We opened to a shot of Dante Fox jogging, only to have flashbacks from his time as a POW. His rescue, just seconds before being beheaded, was also shown.
Cueto Cup First Round Match: PJ Black vs. Sexy Star
Sexy Star vs. The Worldwide Underground continues! PJ worked the arm and used his power advantage, something he doesn't get to do often. Sexy retaliated with her quickness. A super rana from Sexy was the highlight of her offensive outburst. Things were going smoothly until Taya arrived and tripped Sexy. PJ failed at using brass knux and when Sexy tried using them, the referee caught her and called for the DQ at 4:14. Lame finish that hurt a fun little match. At least Striker explained the rare DQ by saying the referee's were told to be extra strict during the tournament. [**]
Another excellent Mundo/Mysterio hype video was shown. I wasn't excited for the match, but even I'm interested after these videos.
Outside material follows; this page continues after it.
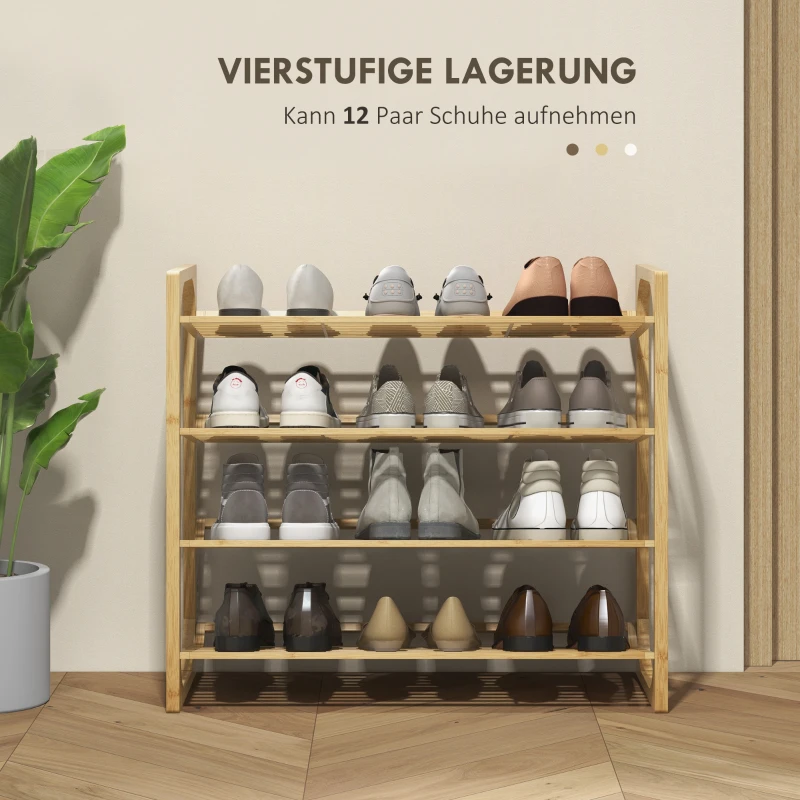HOMCOM Schoenenrek met 4 lagen, schoenenopberger voor maximaal 12 paar schoenen, schoenenkast voor hal of entree, naturel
Cueto Cup First Round Match: Son of Havoc vs. Son of Madness
Everyone was weirded out by the Son of Madness stuff. They brawled on the steps and commentary noted that Havoc seemed to recognize Madness. There were a few fun moments as they played up the doppleganger stuff, with each guy knowing what the other would do. Madness is the bigger version, so Havoc had to fight from behind, which worked because he's way over. In the end, Havoc missed the Shooting Star Press and kicked out of a school boy. He then immediately used his own to advance at 8:42. I enjoyed this. It had a fair amount of action, while telling the story of how well they knew each other and how Havoc did just enough to survive. [***1/4]
Madness jumped Havoc after the match and stole his vest
Cueto Cup First Round Match: Prince Puma vs. Ricky Mandel
We got dark Puma tonight, as he had his hoodie on. Mandel is the big Mundo fan, who was introduced as a Worldwide Underground intern. He cut a promo, only to get hit with a huge knee strike. Puma kicked his ass and won via sitout driver at 1:12. Exactly what it needed to be. [NR]
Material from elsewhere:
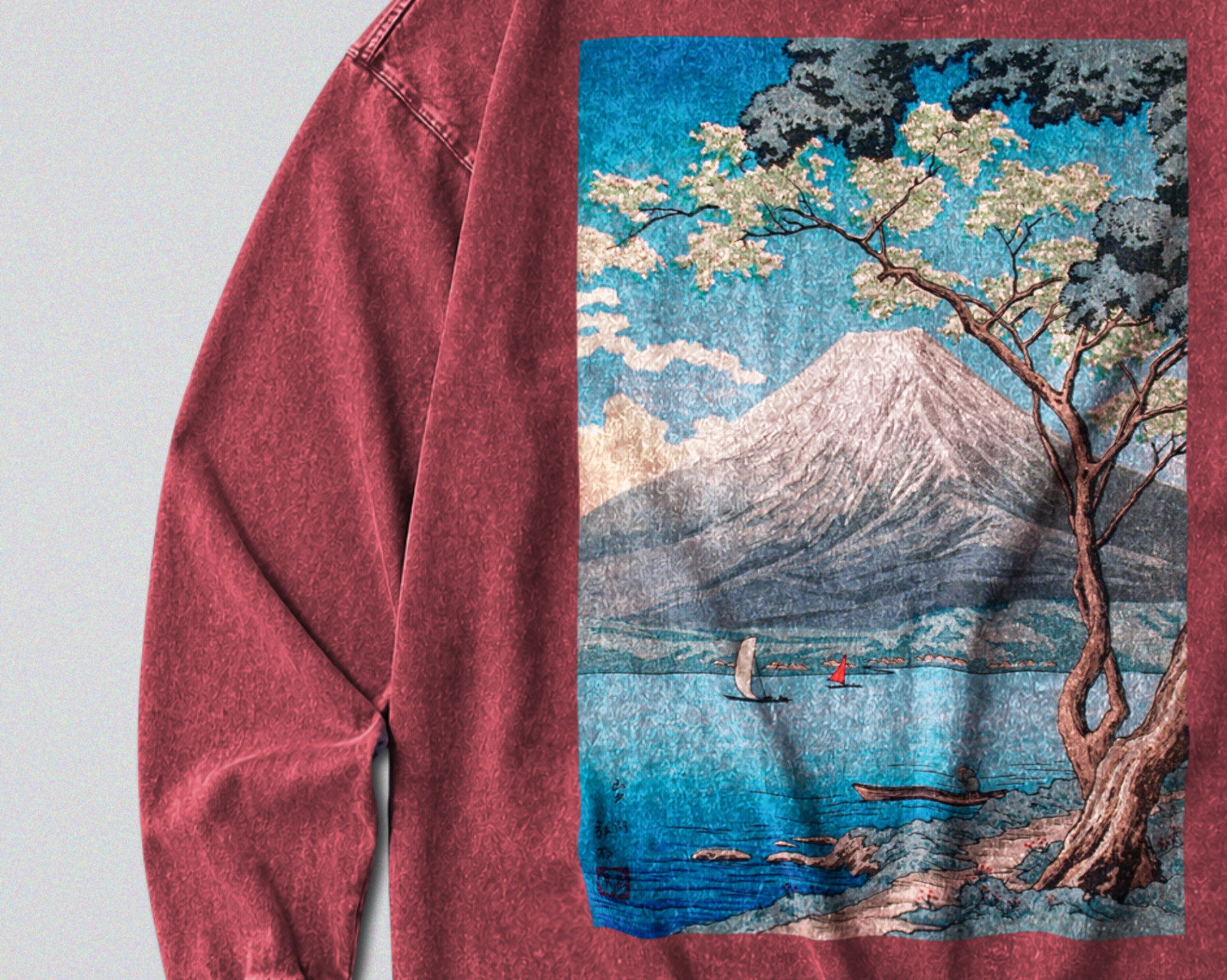 100% Cotton Long Sleeve Tee – Retro Oversized Fit – Unisex – Japan’s Mt Fuji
In the back, Rey Mysterio met up with Dragon Azteca Jr. He said he wouldn't miss Dragon's comeback. Dragon said he would win the tournament and face Rey for the title at Ultima Lucha. Prince Puma arrived (THE FORMER TRIOS CHAMP REUNITE!) and told Rey to beat Mundo so he can get his Ultima Lucha rematch, which he promised not to lose.
Next week, round two begins. Paul London faces Mil Muertes, Jeremiah Crane takes on Taya and Fenix faces Marty Martinez!
Cueto Cup First Round Match: Dante Fox vs. Dragon Azteca Jr. w/ Rey Mysterio Jr.
This had potential to be the best match of the first round. They delivered the kind of match I was hoping for. It was fast paced and had non-stop action. These are two hella athletic guys and they showcased it here. From a Spanish Fly to dives outside to ranas, I got what I wanted. Then, things got dulled down by run-ins. The Worldwide Underground attacked Mysterio to soften him up for Mundo. Azteca went to save his mentor and it cost him. Once back inside, he ate a superkick and the Fox Catcher to lose in 9:03. Lots of cool stuff in here, only to get overshadowed by the stuff in the end. It adds intrigue and sets up a potential angle between Mysterio and Azteca. [***]
Overall: 7/10. An episode mostly focused on wrestling and less on the wild stories, but it still worked. Two of the matches are good, one is decent and the other allowed Puma to dominate. The intrigue of Puma's recent stuff is great, while the possibility of Azteca/Mysterio sounds dope.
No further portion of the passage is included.